Ce nouveau software ne peut se développer que par une première phase, voulue ou forcée, d’acculturation globale, mais particulièrement d’acculturation numérique et digitale.
S’adapter ou casser
Le mot acculturation est fort, mais il est volontairement choisit pour interpeller les consciences managériales, car la transformation digitale des entreprises, est avant tout, une transformation de la culture managériale, avant d’être une affaire de technologies ou de gadgets.
Les modèles économiques du présent sont disruptifs, et non évolutifs, et un management qui aborde le présent avec des croyances et des raisonnements du siècle dernier, n’a aucune chance de tenir dans le temps, il n’a pas d’autre choix que celui d’opérer une mutation de fond dans son état d’esprit et d’impulser une nouvelle approche à son organisation dans son ensemble, dans le respect des principes de ce nouveau monde.
L’acculturation est « l’adoption et l’assimilation d’une culture étrangère » selon le prisme de définition anglo-saxon, et c’est bien ce qui nous arrive à pas forcé, nous devons nous l’avouer et arrêter de croire en la pensée magique, que nous pourrons vivre dans le monde demain en préservant nos réflexes d’hier, et notre identité culturelle d’aujourd’hui, ce qui se joue autour de nous est bien plus profond et plus structurant que nous ne percevons à la surface.
Nos entreprises pyramidales sont forcées de céder le pas à des entreprises d’un nouveau genre, où l’humain est véritablement considéré et associé au développement, et où l’approche Top / Down si chère à nos dirigeants, doit céder le pas à une logique de transversalité, dans un esprit de parité et de respect de l’intelligence de l’autre, et où le management intermédiaire, plus souvent preneur d’otage dans l’entreprise que facteur de croissance, doit revoir fondamentalement son rôle et sa position dans l’entreprise, au risque de se voir écrasé par la pression du changement et disparaître comme dans de nombreuses entreprises du nouveau monde.
Premier changement à opérer, arrêter d’aller vite au « comment faire »
Cet article n’a pas pour mission d’expliquer le « comment faire » pour engager l’acculturation digitale de l’entreprise, attente et réflexe trop présents dans notre culture managériale malheureusement et qui ne permet généralement pas de prendre la hauteur nécessaire sur les sujets traités pour en mesurer la vue d’ensemble, et pour développer nos capacités d’abstraction.

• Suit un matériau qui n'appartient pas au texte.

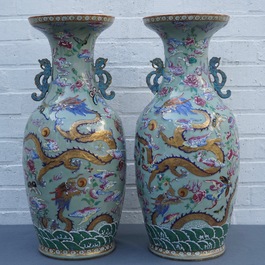 A pair of Chinese famille rose celadon-ground dragon vases, 19th C.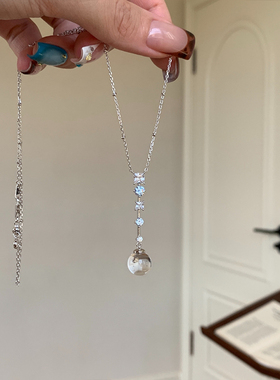 清透感圆珠吊坠项链女气质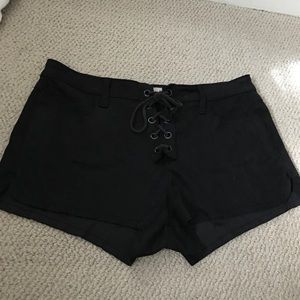 Lace up suede shorts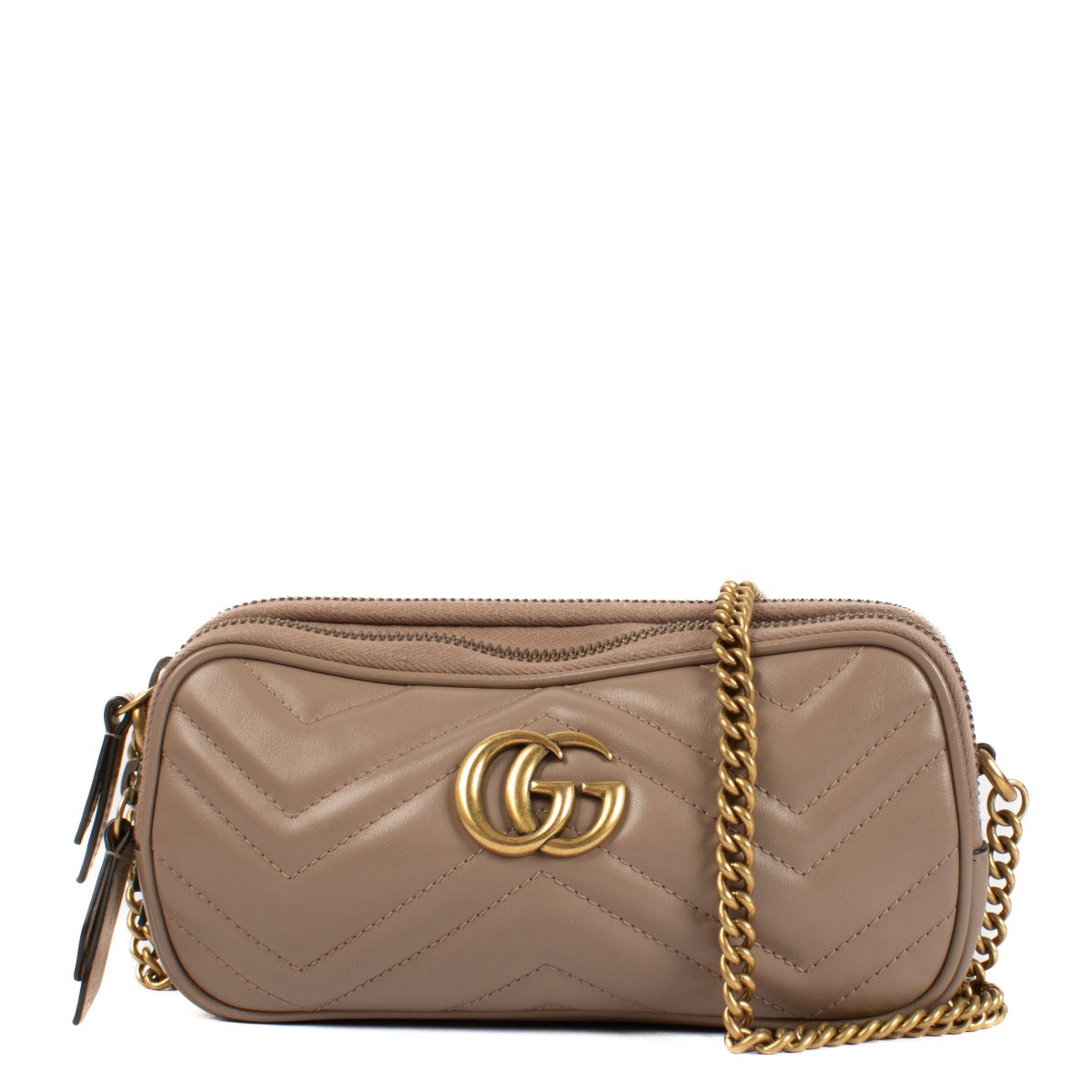 Gucci Taupe Matelassé Triple Zip GG Marmont Mini Bag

Cet article a pour modeste vocation d’interpeller sur le « Pourquoi faire » et sur le « sens » de ces changements, et de ce fait, nous ne le bouclerons pas avec un call to action commercial pour vendre des services ou une démarche, notre souhait étant de créer l’attention nécessaire et de réveiller chez les dirigeants l’envie d’aborder le sujet de la transformation digitale des entreprises sous un prisme de culture d’entreprise, en tenant compte d’aspects sociologiques et psychologiques, voire même anthropologiques, avant les considérations technologiques.
Celles -ci sont utilisées trop souvent comme appât pour engager les entreprises dans cet exercice périlleux et les engager dans un engrenage dont elle ne mesurent pas toujours la rapidité d’action et la capacité d’acculturation forcée qu’il leur imprègne sans leur volonté consciente.
Tant qu’à faire, autant subir cette acculturation en état de conscience et avec sa propre volonté que de la subir une fois l’engrenage enclenché, et comme a dit un speaker dans un récent congrès sur l’entreprise du futur, « Lorsqu’on a pas de visibilité, il faut avoir une vision »… à méditer.